El Movimiento, como parte de un pasado recurrente por reciente, ofrece la mayor cantidad de películas en España, junto con la Guerra Civil. Todas ellas son mediocres o directamente malas, a excepción de unos pocos rayos de luz que se abren paso entre la paja. El caso de Longa noite es claramente uno de esos rayos. Por su sobriedad, su carencia de discurso divisorio y su manejo de la idea de “tiempo cinematográfico”, este film se sitúa en un plano anverso al habitual, el del cine comercial o momentáneo. Este es un tipo de cine que perdura, que es atemporal y universal. Que se guía, a su vez, por el instinto y por la meditación tenue y precisa; alimentándose de los rostros, de la noche, del fuego y de la palabra para llegar a terrenos donde solo el ojo educado puede atreverse a entrever algo.

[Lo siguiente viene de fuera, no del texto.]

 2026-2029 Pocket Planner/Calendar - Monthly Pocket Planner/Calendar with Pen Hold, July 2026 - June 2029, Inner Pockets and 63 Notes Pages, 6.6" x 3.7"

Películas como esta no abundan en nuestro tiempo, y es necesario hacer un ejercicio de reflexión antes, durante y después de verlas para ser capaces de comprender sus verdades. En definitiva, tener experiencias inmersivas, más allá del mero discurso o la teatralidad —por no hablar del artificio o del banal entretenimiento—, se consigue observando un tipo de cine al que la mayoría no está acostumbrado y valorando despacio lo que acontece. El cine, que ahora llaman “lento”, está dando obras de un calibre importante, tanto en Europa como fuera de ella. Y en España los nombres empiezan a resonar con fuerza. Tras Costa da morte (2013) de Lois Patiño —quién colabora en Longa noite—, los documentales de Carlos Casas, algunos largos de Pere Portabella; por no hablar de los maestros Erice y Guerin, o el eternamente olvidado José Val del Omar y, en cierta medida, O que arde (2019) de Oliver Laxe; Longa noite vuelve a indagar en eso que llamamos lenguaje, revalorizando a Eloy Enciso Cachafeiro como uno de los autores españoles más interesantes —y uno de los mejores— del cine contemporáneo.